I learned about the complications and challenges of working in an NGO that deals directly with community members. I learned about different ways to approach youth in particularly poor urban areas and about what really matters to them, such as school and having enough social activities. Most importantly, I gained a better understanding of the various levels and factors that can affect development at the community level. Decisions at the board level and even the implementation process undertaken by staff members significantly affect the outcome of community development projects. Through interning for GK Indonesia, I learned of the value and importance of 'bekerja sama," meaning teamwork and working together for a common cause.
Working with the GK staff members and the local leaders of the Rusunawas, I directly saw Indonesia's culture of "Gotong Royong"-a concept that explains the idea of several groups of people working together to achieve a shared objective that provides communal value. The sprit of communal work was alive and strong within the GK communities and because of this, we as GK interns were able to accomplish many tasks together with the organization and the community members.

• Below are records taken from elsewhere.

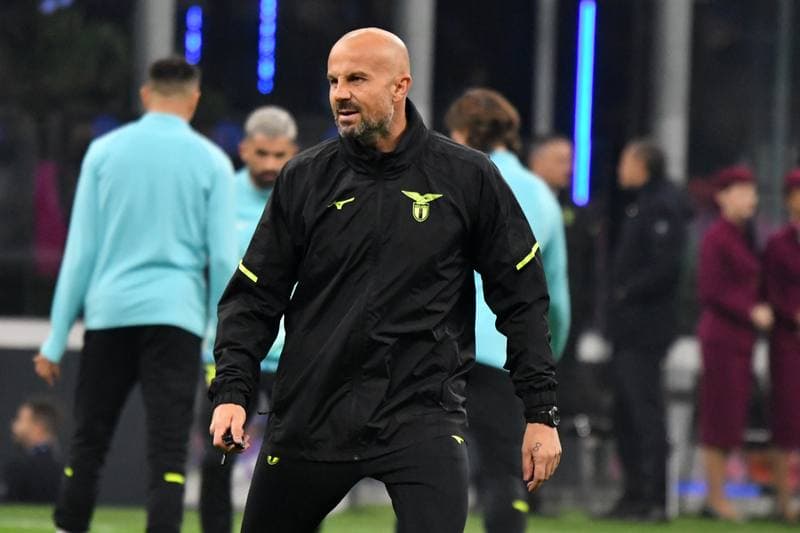 Football. Serie A. Inter - SS Lazio. 09.11.2025
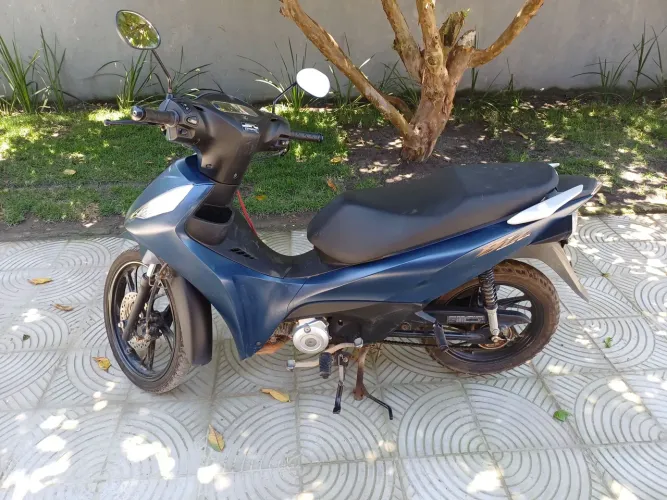 Biz  125 novinha  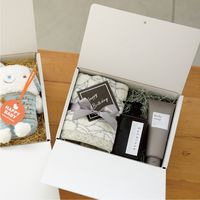 ヘッズ シングルホワイトギフトボックス-2 SDW-GB2 1パック(10枚)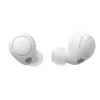 Bluetooth Austiņas ar Mikrofonu Sony WF-C700N Balts
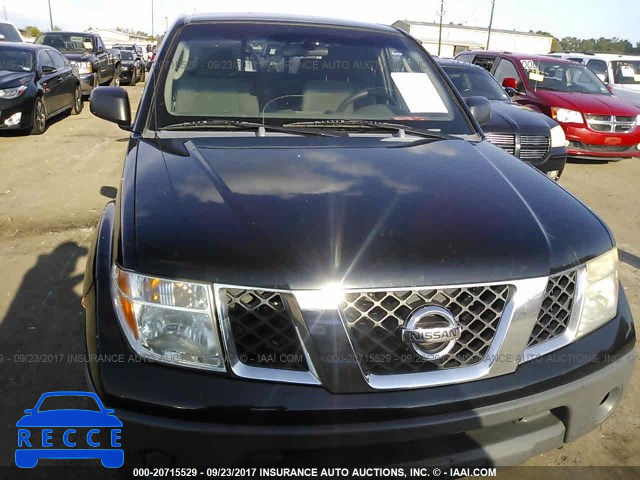 2005 Nissan Frontier KING CAB XE 1N6BD06T85C436483 image 5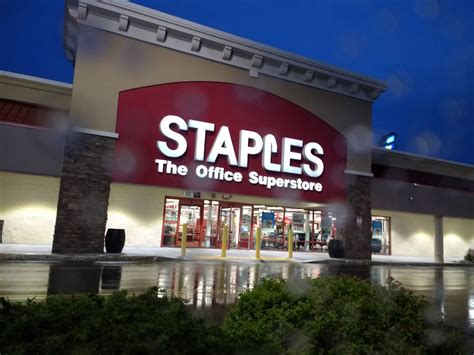 Staples Print & Marketing Services located at 77 Consumer Square, Plattsburgh, NY 12901 - reviews, ratings, hours, phone number, directions, and more.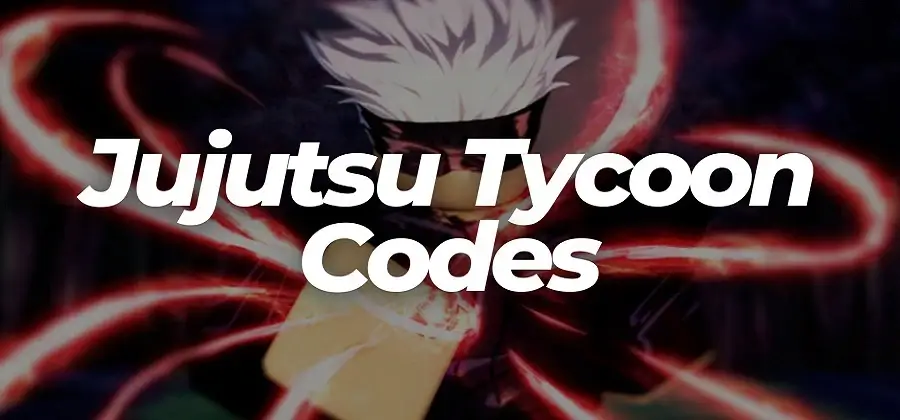 Codici Jujutsu Tycoon 2022 (lista di novembre)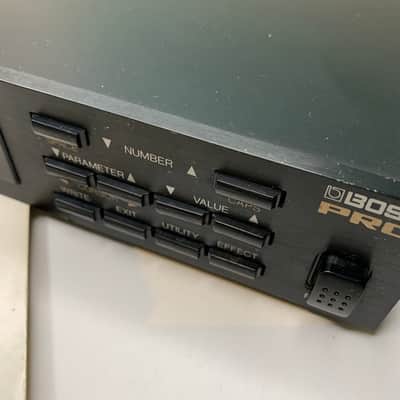 Boss SE-50 Stereo Effects Processor image 3
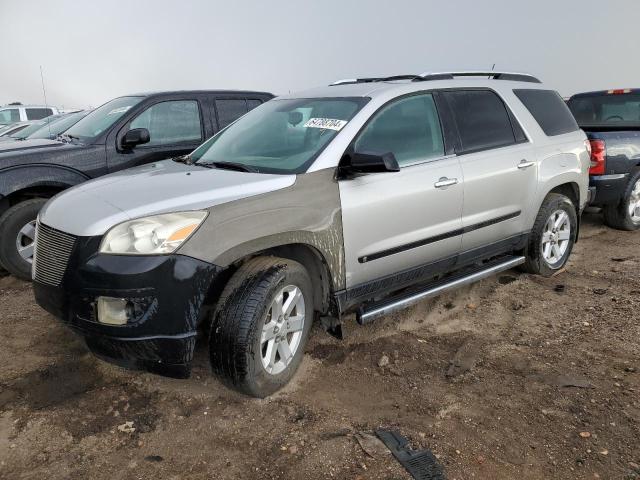 SATURN OUTLOOK XE 2007 with VIN 5GZEV13727J103655 - Photo from auction
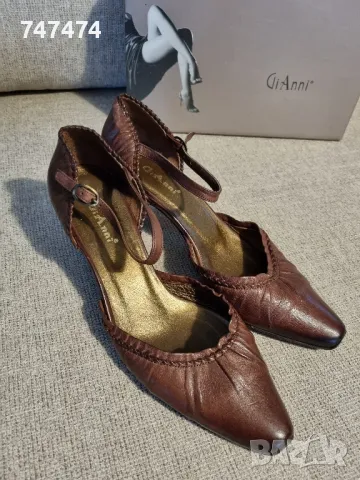Gi Anni, 40 номер, снимка 6 - Дамски елегантни обувки - 48714985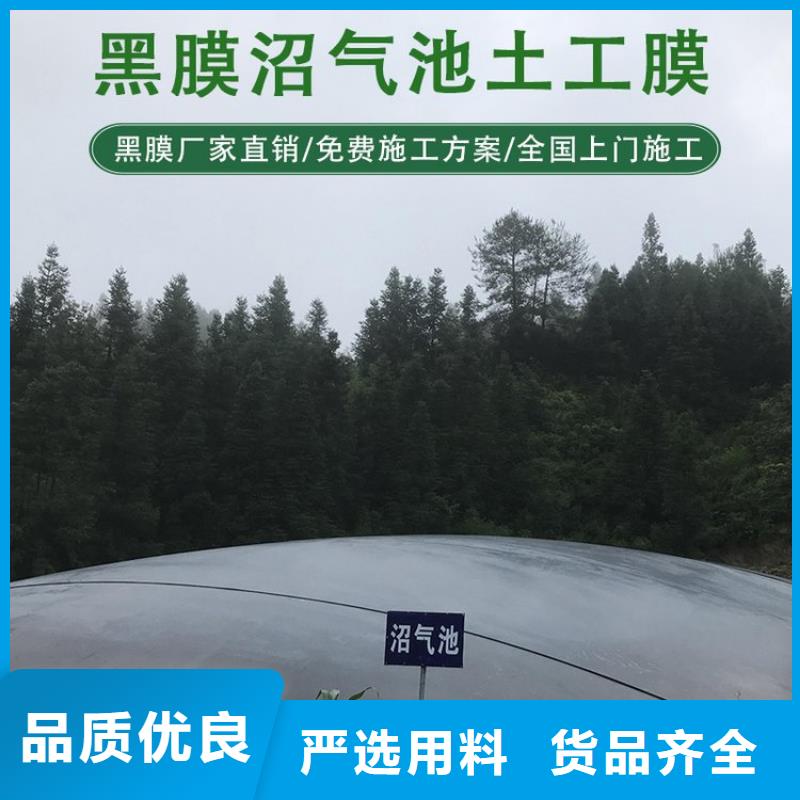 土工膜施工图片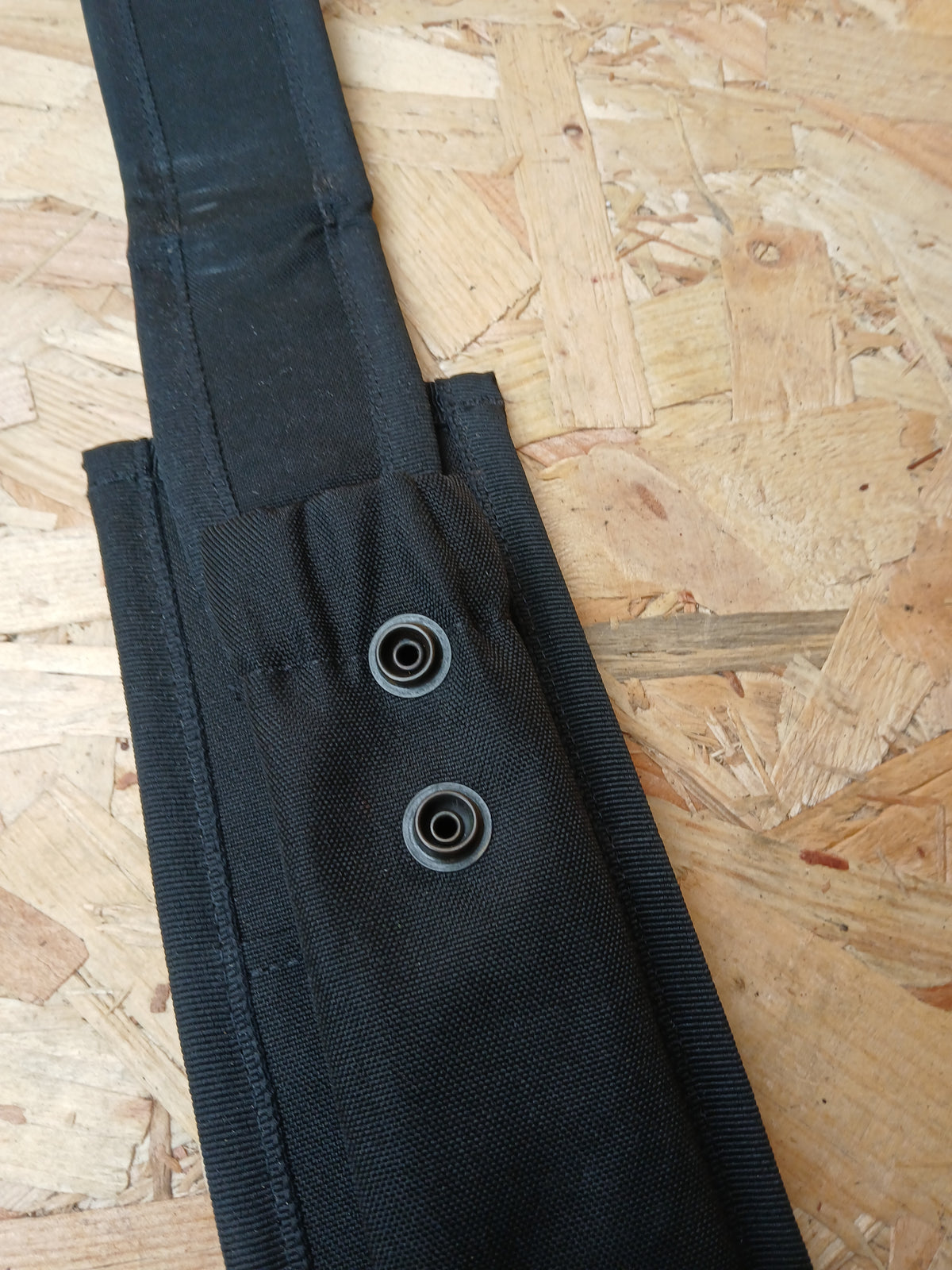 Baton Holder Klickfast Pouch 26" - Black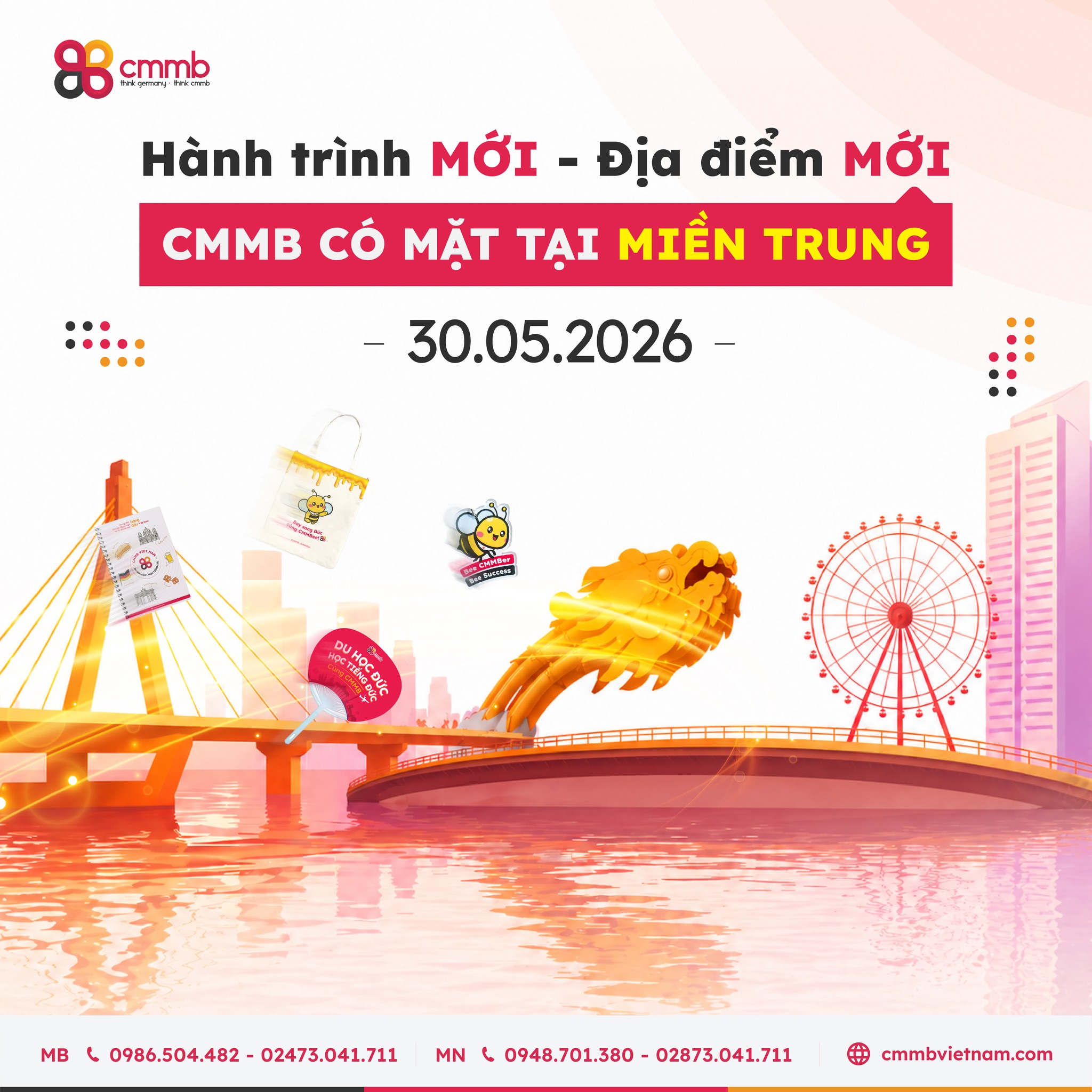 CMMB Việt Nam - Chi Nhánh Đà Nẵng Facebook ad: CMMB SẮP CÓ MẶT TẠI ĐÀ NẴNG
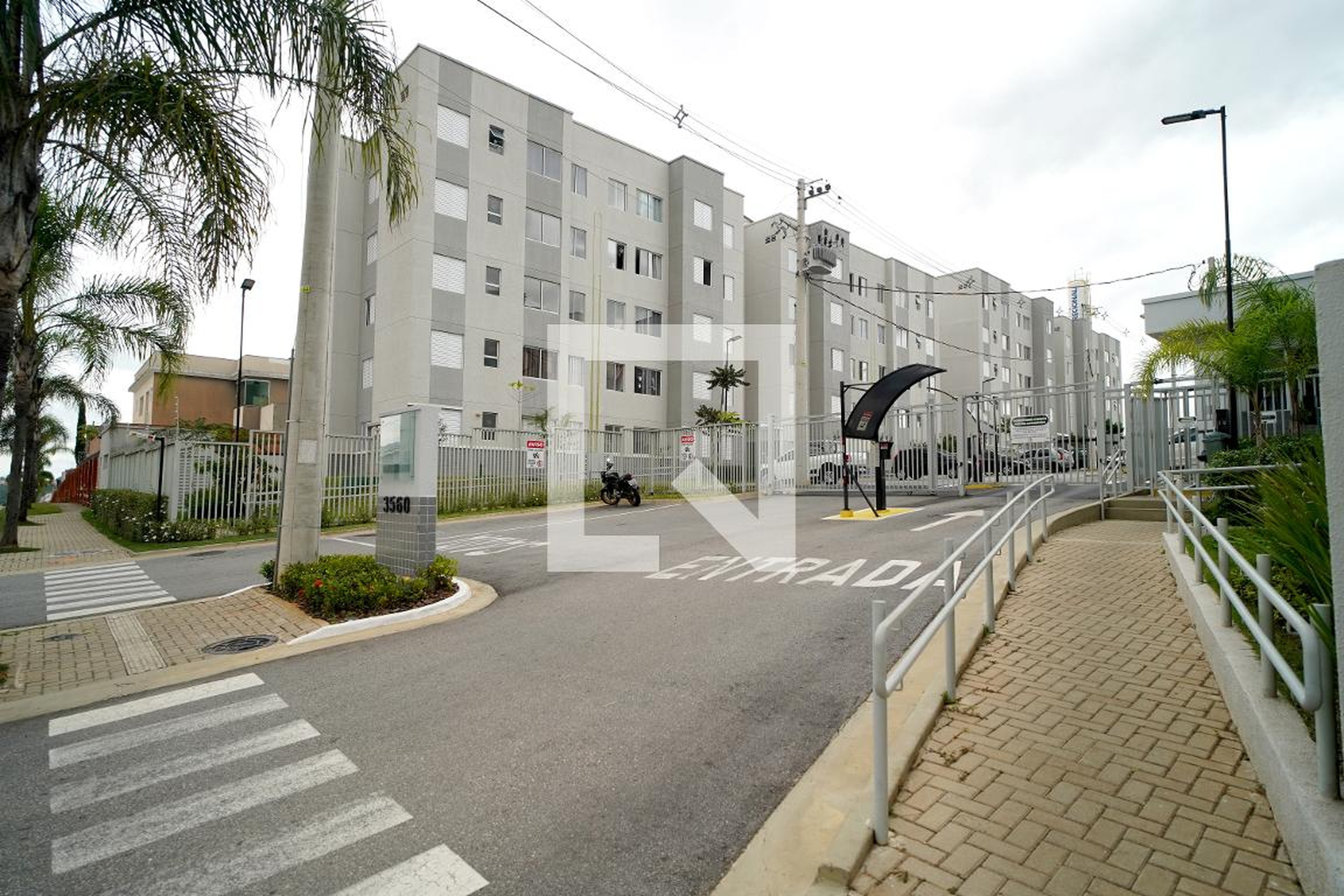 Fachada Condomínio Reserva Gran Village - Ibiti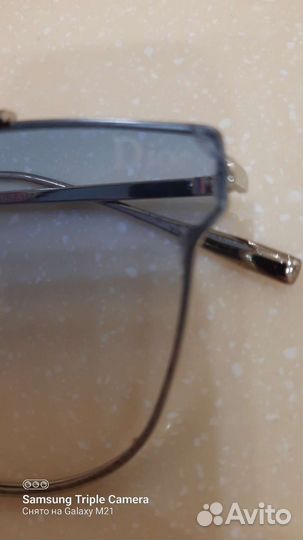 Christian dior очки Italian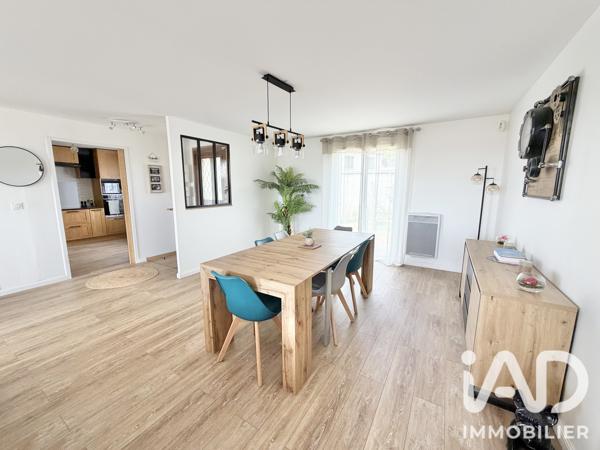 Maison à vendre 6 pièces 118,78 m² Crégy-lès-Meaux
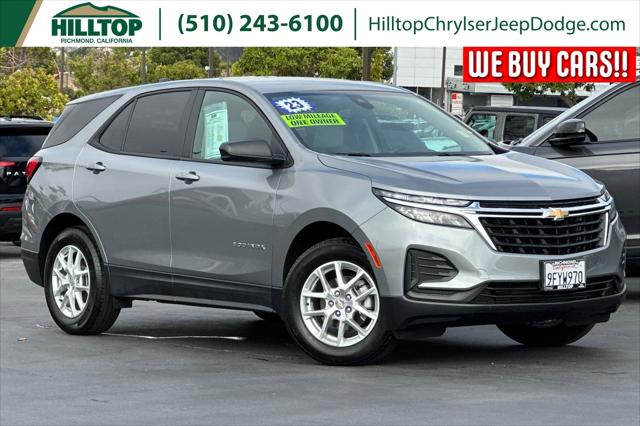 2023 Chevrolet Equinox FWD LS for sale in Richmond, CA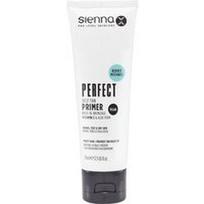 Sienna X - SELF TAN PRIMER Makiažo bazės 75 ml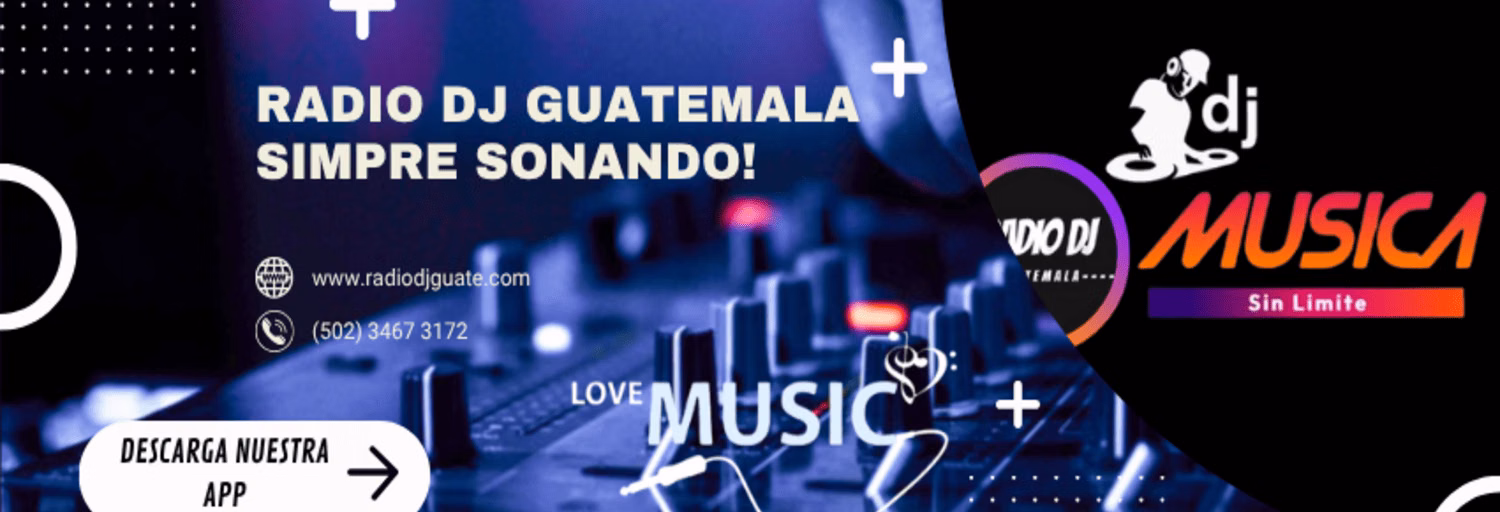 Radio Dj Guatemala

Lastly, I would like to say thank you and express my sincere gratitude to everyone I encountered this summer. As with my previous experiences in Indonesia, the environment we were welcomed into was everything I expected and more. The immense warmth, friendliness, and positive attitudes of everyone we encountered from the founders of GK Indonesia, Ed and Maricel, those at JIS, YPO, GK staff members, all the way down to the local Rusunawa residents, all inspired us to work hard everyday and to help contribute to the empowerment of underprivileged youth in the Rusunawa communities.
Eddy Trang is a second year post graduate student from the Johns Hopkins School of Advanced International Studies (SAIS). He is concentrating in Southeast Asian studies and is pursuing a career in international development.